> _Provided material_:
------------------------------------

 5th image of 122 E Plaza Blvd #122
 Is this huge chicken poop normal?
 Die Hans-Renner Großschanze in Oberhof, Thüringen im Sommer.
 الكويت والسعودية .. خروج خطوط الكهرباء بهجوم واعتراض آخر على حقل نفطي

------------------------------------

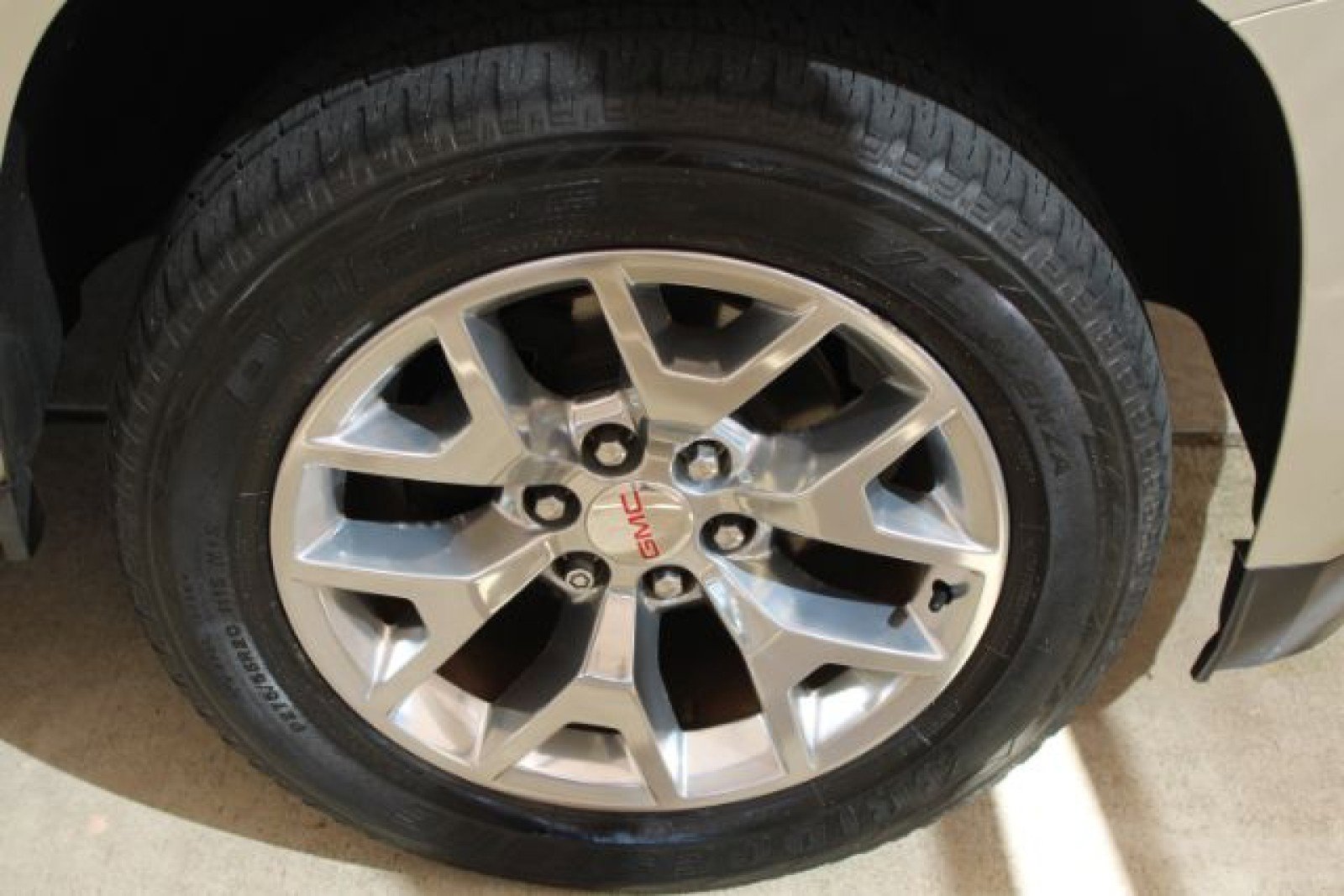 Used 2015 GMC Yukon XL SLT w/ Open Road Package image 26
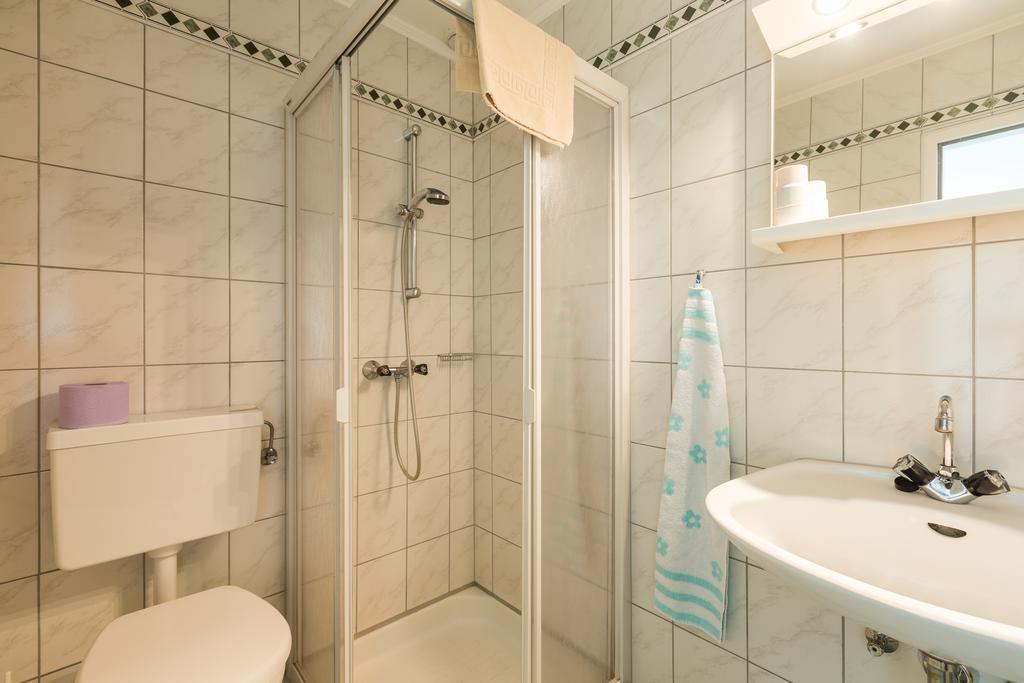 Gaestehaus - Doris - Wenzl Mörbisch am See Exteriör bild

------------------------------------

> _Work required_: Repeat, word for word, the lines above between the line holding "Is this huge chicken poop normal?" and the line holding "الكويت والسعودية ..", inclusive; omit everything else.

> _Written reply_:
 Is this huge chicken poop normal?
 Die Hans-Renner Großschanze in Oberhof, Thüringen im Sommer.
 الكويت والسعودية .. خروج خطوط الكهرباء بهجوم واعتراض آخر على حقل نفطي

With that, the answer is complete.